- DATA EXCERPT -
★ ★ ★ ★

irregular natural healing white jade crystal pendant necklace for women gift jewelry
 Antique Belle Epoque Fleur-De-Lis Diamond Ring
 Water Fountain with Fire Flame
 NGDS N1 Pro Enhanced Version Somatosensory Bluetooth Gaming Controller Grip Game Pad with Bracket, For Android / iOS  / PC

★ ★ ★ ★

- WORK REQUEST -
Copy the data word for word.

- RESULT OF THIS EXERCISE -
irregular natural healing white jade crystal pendant necklace for women gift jewelry
 Antique Belle Epoque Fleur-De-Lis Diamond Ring
 Water Fountain with Fire Flame
 NGDS N1 Pro Enhanced Version Somatosensory Bluetooth Gaming Controller Grip Game Pad with Bracket, For Android / iOS  / PC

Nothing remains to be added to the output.